[CR]Licensing agreement between Huffy and Raleigh? Haven't a clue!


Example: Framebuilding:Brazing Technique
From: "garth libre" <rabbitman@mindspring.com>
To: <classicrendezvous@bikelist.org>
Date: Wed, 6 Feb 2002 18:29:08 -0500
Subject: [CR]Licensing agreement between Huffy and Raleigh? Haven't a clue!

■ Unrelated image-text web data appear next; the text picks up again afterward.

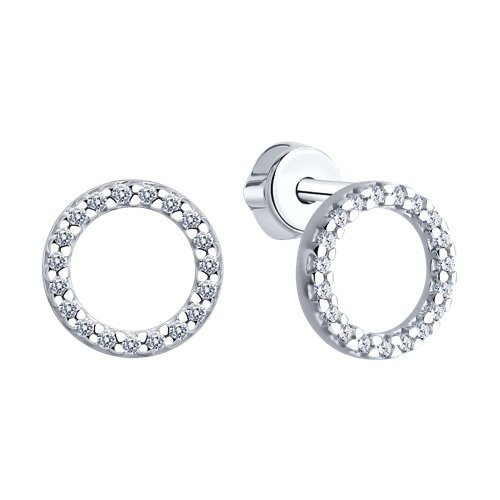 Серьги из серебра с фианитами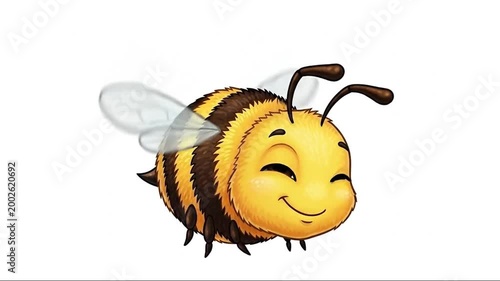Cute cartoon bees flying around honey and flowers in a happy summer nature illustration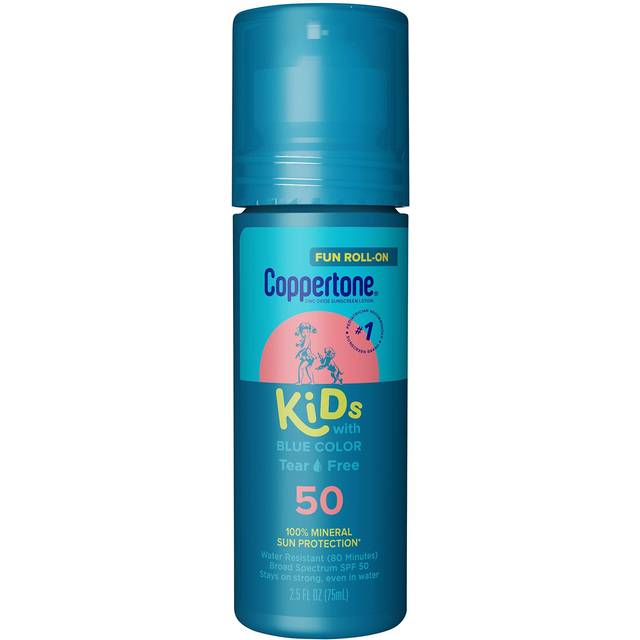 Coppertone Kids Roll On Sunscreen Lotion SPF 50  Tear Free Kids Sunscreen with Blue Color and Zinc Oxide Sun Protection  2.5 Fl Oz Tube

I can understand why Raleigh would license its name to Huffy for increased profits, but wouldn't Raleigh suffer undue damage if Huffy started putting the Raleigh name on gas pipe, ugly trash? If Huffy wanted to break into the up-scale lightweight biz, then why not just invent a new upscale name and market under that. By the mid 80's, Raleigh was already starting to show signs of becoming insignificant in name recognition for those seeking a lightweight race machine, or even a trendy touring model. When I was looking for a new race bike in the early 80's, I rode everything I could in the many San Francisco stores, but I never even came across a single Raleigh model anything. There were Schwinn, Lotus, Centurion, Fuji, Sikai, Shogun, and Bianchi and others in the mid price group, and a handful of super bikes made by Japanese and Italian manufacturers, but no Raleigh shops on the scene. It seems by the mid early 80's a manufacturer needed a complete line of race bikes and touring bikes in all price steps. Huffy had only the worst reputation, and that's the price you pay for selling your wares to Sears and K-mart. At least Raleigh died a noble death, after a brave fight in the late 80's to be recognized for being a fine manufacturer. Many people even consider their current line of race bikes to be the best value around, I believe this just may be true for those looking for a great value on a 105 or Ultegra aluminum model. (OT final sentence) Garth Libre in Surfside Fl.